*** Opening Data records ***

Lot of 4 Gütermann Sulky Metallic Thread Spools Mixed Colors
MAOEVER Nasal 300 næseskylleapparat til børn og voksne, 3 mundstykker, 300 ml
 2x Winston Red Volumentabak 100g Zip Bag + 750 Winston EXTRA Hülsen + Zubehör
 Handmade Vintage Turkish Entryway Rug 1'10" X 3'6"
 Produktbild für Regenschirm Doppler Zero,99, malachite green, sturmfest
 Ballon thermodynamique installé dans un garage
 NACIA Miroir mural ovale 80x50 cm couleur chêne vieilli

*** Closing Data records ***

Give back all of the data above without any alteration.

> **Expected answer**:
Lot of 4 Gütermann Sulky Metallic Thread Spools Mixed Colors
MAOEVER Nasal 300 næseskylleapparat til børn og voksne, 3 mundstykker, 300 ml
 2x Winston Red Volumentabak 100g Zip Bag + 750 Winston EXTRA Hülsen + Zubehör
 Handmade Vintage Turkish Entryway Rug 1'10" X 3'6"
 Produktbild für Regenschirm Doppler Zero,99, malachite green, sturmfest
 Ballon thermodynamique installé dans un garage
 NACIA Miroir mural ovale 80x50 cm couleur chêne vieilli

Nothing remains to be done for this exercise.